PROVIDED RECORDS:
***

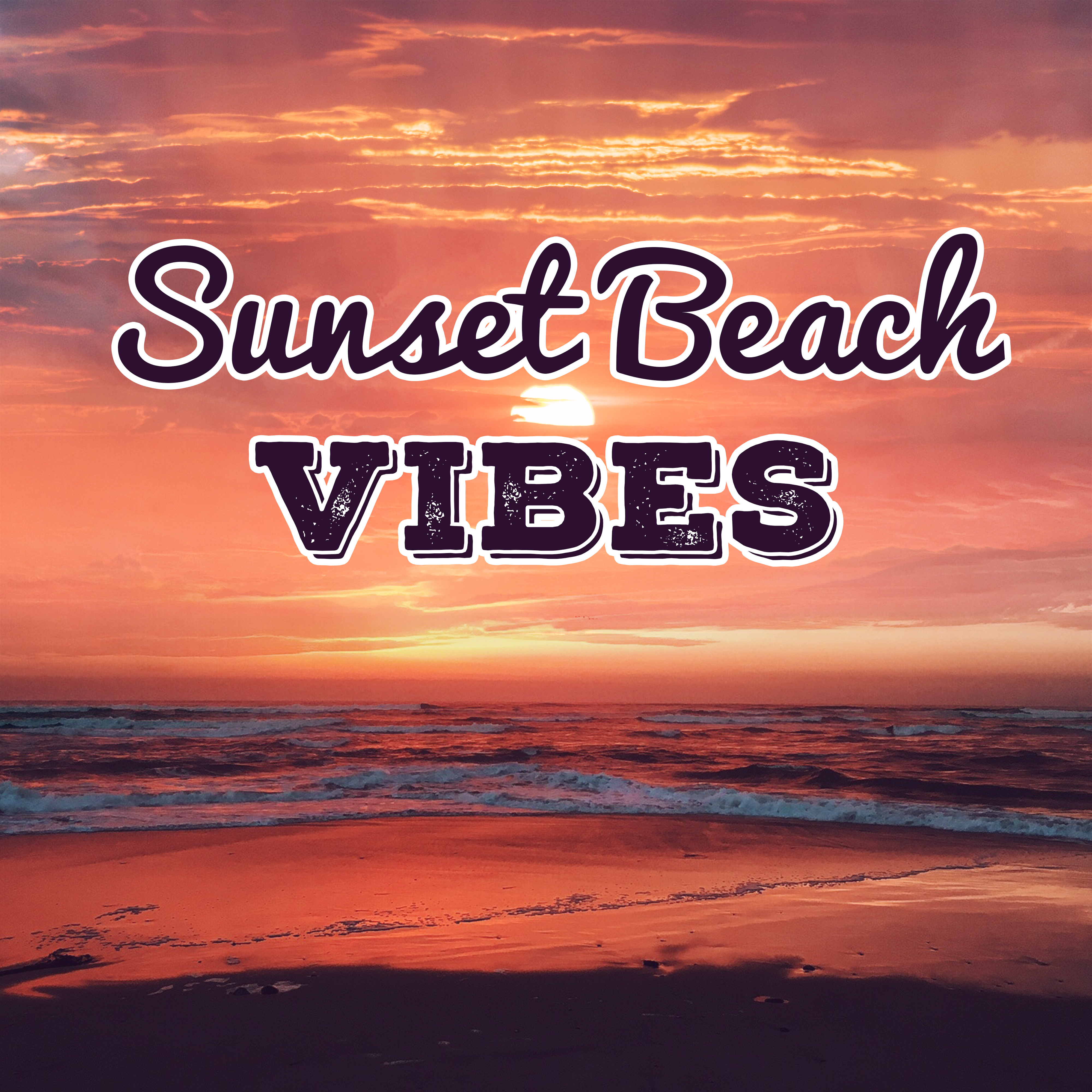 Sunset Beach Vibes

***

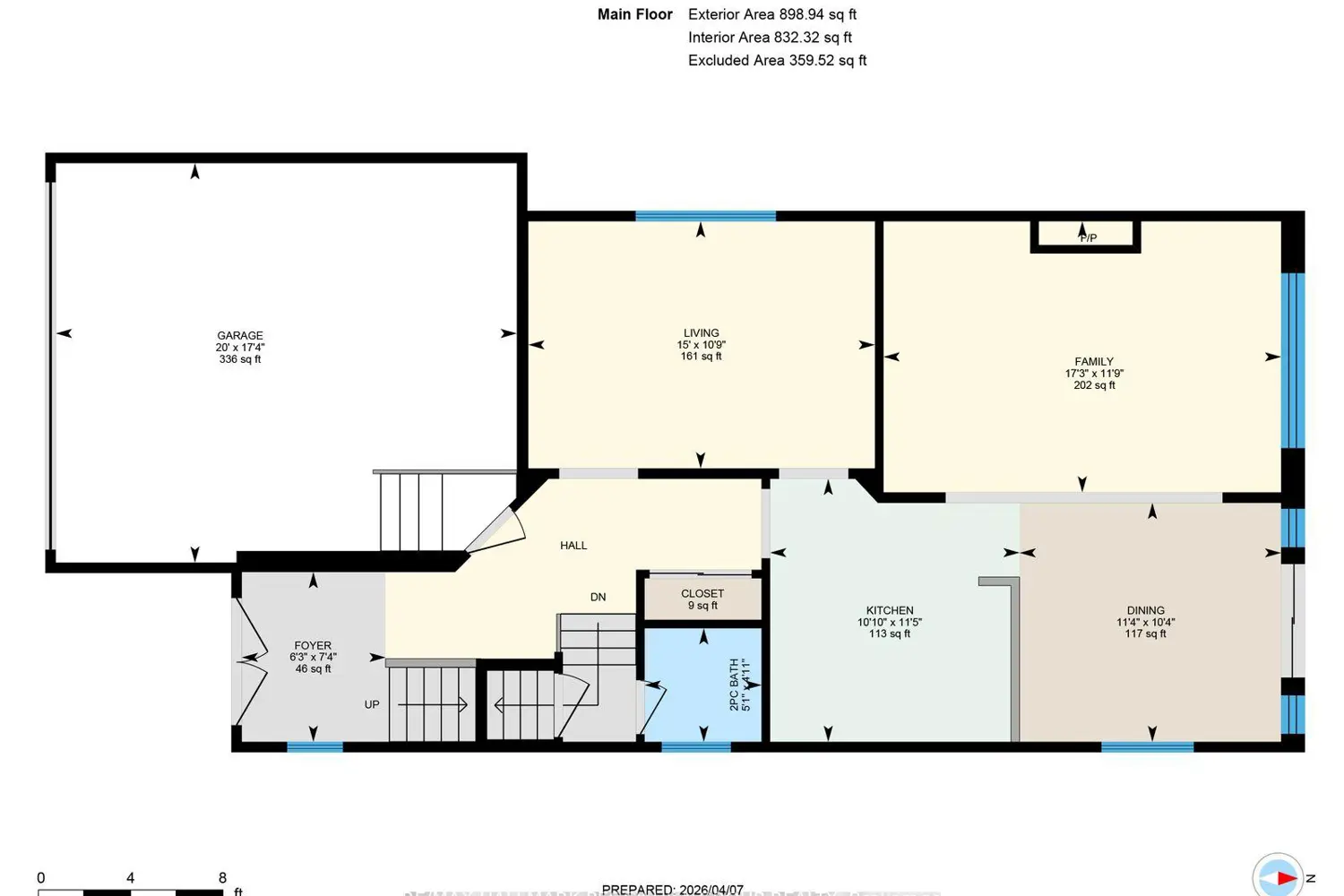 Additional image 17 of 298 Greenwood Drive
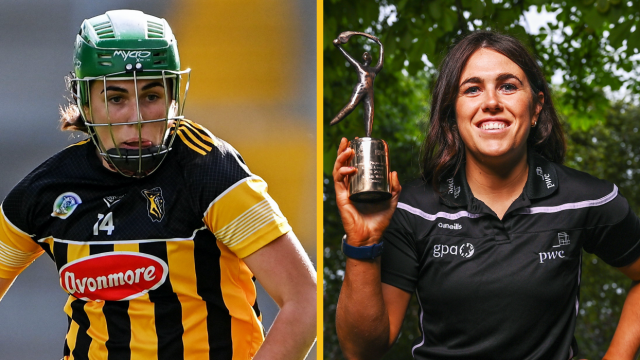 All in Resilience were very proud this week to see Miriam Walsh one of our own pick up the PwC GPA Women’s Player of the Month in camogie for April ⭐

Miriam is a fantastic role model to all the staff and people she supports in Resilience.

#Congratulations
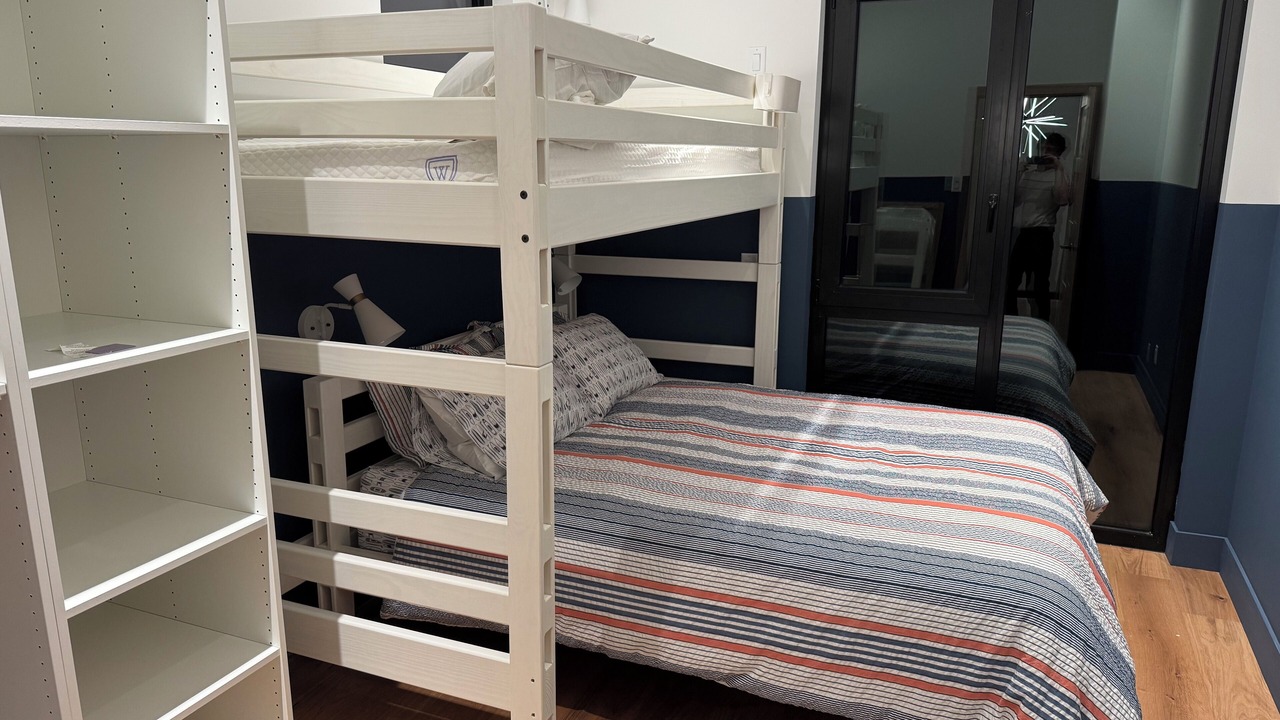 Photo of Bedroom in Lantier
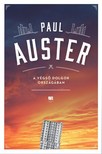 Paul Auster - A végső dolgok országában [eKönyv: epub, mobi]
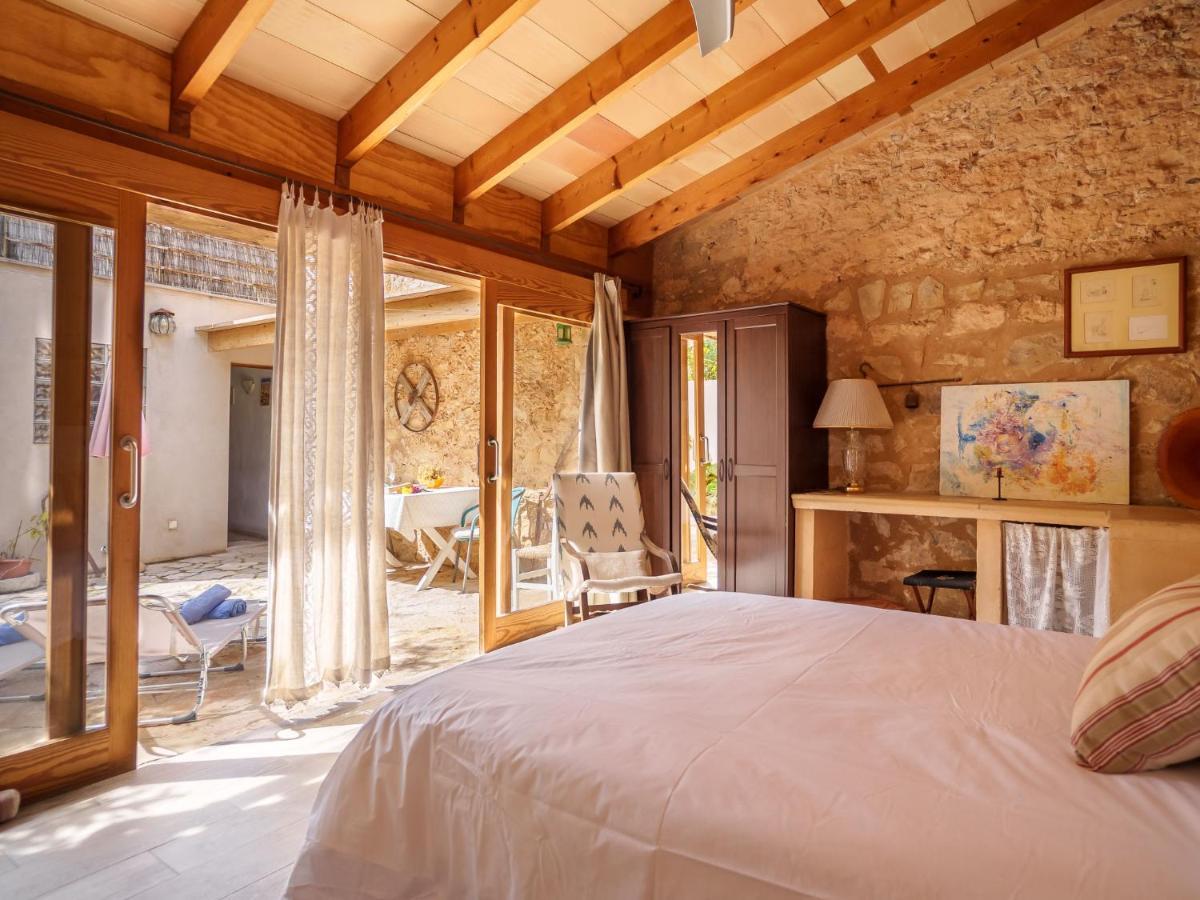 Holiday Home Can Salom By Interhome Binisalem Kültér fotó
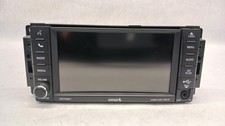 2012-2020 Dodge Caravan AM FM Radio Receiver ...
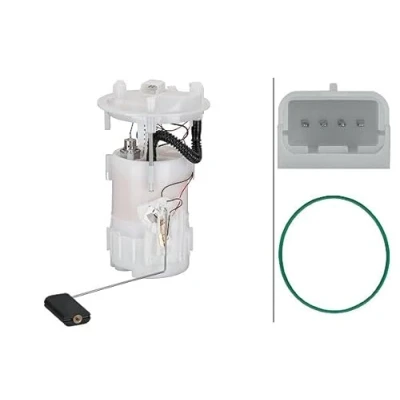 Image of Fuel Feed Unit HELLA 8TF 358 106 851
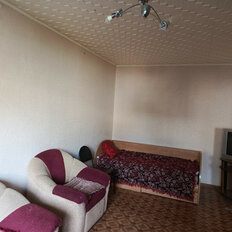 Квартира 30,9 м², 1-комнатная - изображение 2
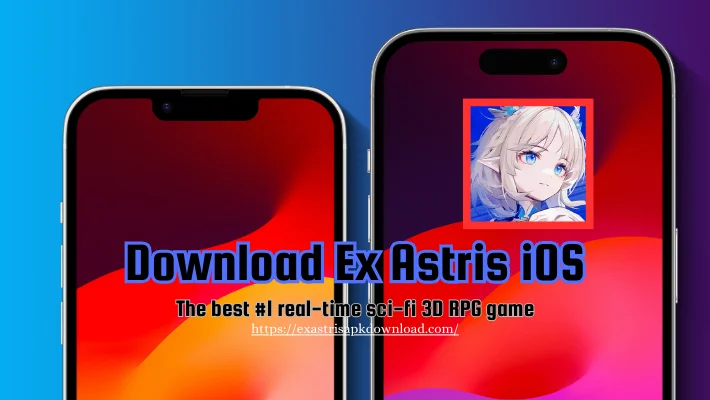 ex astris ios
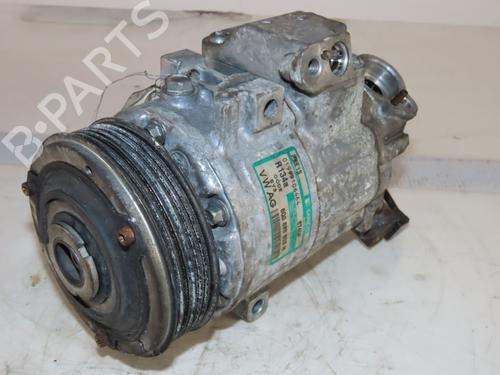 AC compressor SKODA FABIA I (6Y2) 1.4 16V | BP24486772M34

***

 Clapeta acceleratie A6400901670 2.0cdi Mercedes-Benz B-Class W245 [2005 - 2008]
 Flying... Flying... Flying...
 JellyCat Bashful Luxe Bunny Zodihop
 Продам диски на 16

***

Using the listing above, repeat word for word each line from the one with "#Congratulations" down to the one with "AC compressor SKODA", both included. Omit all pictures.

EXERCISE SOLUTION:
#Congratulations
 Photo of Bedroom in Lantier
 Paul Auster - A végső dolgok országában [eKönyv: epub, mobi]
 Holiday Home Can Salom By Interhome Binisalem Kültér fotó
 2012-2020 Dodge Caravan AM FM Radio Receiver ...
 Image of Fuel Feed Unit HELLA 8TF 358 106 851
 Квартира 30,9 м², 1-комнатная - изображение 2
 ex astris ios
 AC compressor SKODA FABIA I (6Y2) 1.4 16V | BP24486772M34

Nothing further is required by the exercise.